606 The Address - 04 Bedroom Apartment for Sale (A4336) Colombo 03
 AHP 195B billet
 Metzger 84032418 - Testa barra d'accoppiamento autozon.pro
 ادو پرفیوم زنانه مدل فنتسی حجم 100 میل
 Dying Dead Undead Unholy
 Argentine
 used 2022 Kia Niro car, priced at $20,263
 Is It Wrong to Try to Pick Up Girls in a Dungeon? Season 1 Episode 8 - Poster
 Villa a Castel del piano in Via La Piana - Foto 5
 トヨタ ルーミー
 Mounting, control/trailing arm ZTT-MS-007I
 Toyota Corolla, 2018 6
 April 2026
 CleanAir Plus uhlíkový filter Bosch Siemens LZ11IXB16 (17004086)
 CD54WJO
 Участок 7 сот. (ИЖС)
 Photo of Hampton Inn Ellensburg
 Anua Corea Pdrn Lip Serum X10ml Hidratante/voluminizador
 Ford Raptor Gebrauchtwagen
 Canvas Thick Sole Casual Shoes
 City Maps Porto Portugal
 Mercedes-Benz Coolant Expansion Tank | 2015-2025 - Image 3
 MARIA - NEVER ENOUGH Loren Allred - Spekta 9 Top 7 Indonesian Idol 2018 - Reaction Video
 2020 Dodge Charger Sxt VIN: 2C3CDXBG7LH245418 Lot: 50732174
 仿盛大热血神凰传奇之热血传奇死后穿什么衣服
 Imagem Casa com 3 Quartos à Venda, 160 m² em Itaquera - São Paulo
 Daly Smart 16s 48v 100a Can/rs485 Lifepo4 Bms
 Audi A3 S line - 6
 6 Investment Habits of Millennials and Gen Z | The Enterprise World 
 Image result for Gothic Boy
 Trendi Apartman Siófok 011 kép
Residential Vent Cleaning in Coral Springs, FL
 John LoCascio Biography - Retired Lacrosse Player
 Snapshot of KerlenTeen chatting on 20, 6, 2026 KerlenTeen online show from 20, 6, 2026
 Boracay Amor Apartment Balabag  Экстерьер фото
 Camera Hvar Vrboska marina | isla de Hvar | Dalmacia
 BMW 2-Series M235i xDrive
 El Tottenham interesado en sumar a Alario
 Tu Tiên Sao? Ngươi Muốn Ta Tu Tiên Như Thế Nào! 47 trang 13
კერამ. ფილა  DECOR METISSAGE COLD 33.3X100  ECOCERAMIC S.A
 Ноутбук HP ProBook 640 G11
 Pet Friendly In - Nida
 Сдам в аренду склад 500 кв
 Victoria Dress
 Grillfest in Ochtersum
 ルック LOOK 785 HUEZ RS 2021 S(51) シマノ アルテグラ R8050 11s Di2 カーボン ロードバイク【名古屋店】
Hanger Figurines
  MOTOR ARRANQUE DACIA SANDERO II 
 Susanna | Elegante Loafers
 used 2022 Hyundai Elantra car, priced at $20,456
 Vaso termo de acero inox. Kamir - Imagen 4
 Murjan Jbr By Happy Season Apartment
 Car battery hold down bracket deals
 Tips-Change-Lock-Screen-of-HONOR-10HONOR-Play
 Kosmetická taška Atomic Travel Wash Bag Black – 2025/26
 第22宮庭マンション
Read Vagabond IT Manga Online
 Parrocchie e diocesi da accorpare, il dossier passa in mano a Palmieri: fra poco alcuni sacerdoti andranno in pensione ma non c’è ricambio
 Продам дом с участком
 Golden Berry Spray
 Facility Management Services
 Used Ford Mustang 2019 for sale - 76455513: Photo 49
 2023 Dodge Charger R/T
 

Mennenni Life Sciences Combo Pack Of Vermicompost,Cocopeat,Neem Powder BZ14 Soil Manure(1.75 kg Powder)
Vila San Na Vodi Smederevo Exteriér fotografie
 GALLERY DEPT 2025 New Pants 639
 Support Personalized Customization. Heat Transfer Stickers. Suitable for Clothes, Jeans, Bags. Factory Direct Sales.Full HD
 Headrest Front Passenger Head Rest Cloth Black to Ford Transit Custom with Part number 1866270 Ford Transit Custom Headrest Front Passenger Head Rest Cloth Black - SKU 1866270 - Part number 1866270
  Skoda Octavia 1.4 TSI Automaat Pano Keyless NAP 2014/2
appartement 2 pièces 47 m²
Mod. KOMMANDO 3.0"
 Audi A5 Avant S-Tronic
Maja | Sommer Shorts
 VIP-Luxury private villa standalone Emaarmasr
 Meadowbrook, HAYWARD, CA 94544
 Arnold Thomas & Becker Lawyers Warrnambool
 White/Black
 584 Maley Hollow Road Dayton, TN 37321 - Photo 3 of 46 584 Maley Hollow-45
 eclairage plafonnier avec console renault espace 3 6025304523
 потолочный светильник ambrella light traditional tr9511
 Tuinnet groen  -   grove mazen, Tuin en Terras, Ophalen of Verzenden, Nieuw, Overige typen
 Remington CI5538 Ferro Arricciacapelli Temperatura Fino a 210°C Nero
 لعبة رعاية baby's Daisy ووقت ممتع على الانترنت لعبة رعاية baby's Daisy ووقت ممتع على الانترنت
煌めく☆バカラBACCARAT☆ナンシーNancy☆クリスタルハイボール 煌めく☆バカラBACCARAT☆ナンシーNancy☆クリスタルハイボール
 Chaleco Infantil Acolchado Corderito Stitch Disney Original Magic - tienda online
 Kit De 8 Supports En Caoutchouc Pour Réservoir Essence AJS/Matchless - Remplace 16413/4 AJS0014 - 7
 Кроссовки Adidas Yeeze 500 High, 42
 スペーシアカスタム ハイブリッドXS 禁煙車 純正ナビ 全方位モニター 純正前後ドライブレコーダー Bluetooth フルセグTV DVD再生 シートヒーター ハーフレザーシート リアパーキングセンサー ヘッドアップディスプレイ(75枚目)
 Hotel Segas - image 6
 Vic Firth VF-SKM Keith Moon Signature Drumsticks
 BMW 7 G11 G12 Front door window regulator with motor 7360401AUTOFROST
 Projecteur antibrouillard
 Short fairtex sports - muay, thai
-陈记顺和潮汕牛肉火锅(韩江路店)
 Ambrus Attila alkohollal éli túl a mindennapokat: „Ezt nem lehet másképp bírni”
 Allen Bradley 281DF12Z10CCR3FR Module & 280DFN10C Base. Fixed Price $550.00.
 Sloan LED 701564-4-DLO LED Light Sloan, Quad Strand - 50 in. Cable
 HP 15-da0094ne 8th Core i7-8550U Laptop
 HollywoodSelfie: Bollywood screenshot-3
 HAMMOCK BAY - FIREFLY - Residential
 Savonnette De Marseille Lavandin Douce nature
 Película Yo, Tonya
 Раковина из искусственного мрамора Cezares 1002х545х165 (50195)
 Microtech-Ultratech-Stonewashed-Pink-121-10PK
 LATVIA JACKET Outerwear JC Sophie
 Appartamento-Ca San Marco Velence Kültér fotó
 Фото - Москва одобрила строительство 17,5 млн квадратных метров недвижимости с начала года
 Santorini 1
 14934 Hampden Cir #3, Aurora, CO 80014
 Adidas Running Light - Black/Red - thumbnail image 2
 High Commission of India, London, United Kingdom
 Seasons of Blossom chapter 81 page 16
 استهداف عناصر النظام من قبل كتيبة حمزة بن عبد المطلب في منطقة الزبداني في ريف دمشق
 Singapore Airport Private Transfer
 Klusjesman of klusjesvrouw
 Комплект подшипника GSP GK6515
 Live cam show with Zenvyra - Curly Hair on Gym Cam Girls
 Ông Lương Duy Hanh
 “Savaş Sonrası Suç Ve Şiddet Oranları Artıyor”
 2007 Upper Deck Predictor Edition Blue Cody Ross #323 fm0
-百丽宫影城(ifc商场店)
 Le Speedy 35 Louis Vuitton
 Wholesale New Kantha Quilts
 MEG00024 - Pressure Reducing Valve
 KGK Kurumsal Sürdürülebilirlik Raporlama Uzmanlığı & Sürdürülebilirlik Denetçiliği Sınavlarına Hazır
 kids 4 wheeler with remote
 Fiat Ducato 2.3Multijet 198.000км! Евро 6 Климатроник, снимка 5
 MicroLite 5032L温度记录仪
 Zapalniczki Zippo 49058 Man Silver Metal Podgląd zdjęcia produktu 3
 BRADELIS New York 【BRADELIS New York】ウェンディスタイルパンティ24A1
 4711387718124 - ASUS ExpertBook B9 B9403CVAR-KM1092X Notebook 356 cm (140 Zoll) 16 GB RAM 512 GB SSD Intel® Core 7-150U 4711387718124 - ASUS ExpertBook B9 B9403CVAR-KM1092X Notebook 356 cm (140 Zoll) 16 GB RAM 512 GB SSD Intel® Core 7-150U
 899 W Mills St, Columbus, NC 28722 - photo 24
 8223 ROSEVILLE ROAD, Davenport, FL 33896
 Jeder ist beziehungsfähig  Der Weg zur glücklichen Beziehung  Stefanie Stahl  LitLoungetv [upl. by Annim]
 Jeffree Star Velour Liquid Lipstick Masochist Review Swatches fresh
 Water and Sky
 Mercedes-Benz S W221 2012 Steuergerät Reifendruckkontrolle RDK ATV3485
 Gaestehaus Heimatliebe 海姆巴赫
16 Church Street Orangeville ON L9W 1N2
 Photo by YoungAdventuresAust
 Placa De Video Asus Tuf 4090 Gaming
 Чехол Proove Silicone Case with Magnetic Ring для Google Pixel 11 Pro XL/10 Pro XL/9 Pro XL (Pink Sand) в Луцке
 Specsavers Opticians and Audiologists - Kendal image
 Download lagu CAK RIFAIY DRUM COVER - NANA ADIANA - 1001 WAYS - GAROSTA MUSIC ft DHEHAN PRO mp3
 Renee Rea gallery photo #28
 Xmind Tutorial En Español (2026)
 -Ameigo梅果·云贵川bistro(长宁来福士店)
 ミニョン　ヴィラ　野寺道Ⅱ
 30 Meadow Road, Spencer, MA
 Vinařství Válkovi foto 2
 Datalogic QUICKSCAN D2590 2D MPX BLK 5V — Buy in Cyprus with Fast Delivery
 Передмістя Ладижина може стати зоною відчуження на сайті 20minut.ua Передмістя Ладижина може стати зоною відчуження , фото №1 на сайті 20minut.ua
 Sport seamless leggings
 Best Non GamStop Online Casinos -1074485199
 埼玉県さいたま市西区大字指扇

## What you will do
Among the entries above, the line containing "Sloan LED 701564-4-DLO", the line containing "Adidas Running Light", and all lines between them are to be restated word for word; nothing else belongs in the reply.

## Response to the exercise
 Sloan LED 701564-4-DLO LED Light Sloan, Quad Strand - 50 in. Cable
 HP 15-da0094ne 8th Core i7-8550U Laptop
 HollywoodSelfie: Bollywood screenshot-3
 HAMMOCK BAY - FIREFLY - Residential
 Savonnette De Marseille Lavandin Douce nature
 Película Yo, Tonya
 Раковина из искусственного мрамора Cezares 1002х545х165 (50195)
 Microtech-Ultratech-Stonewashed-Pink-121-10PK
 LATVIA JACKET Outerwear JC Sophie
 Appartamento-Ca San Marco Velence Kültér fotó
 Фото - Москва одобрила строительство 17,5 млн квадратных метров недвижимости с начала года
 Santorini 1
 14934 Hampden Cir #3, Aurora, CO 80014
 Adidas Running Light - Black/Red - thumbnail image 2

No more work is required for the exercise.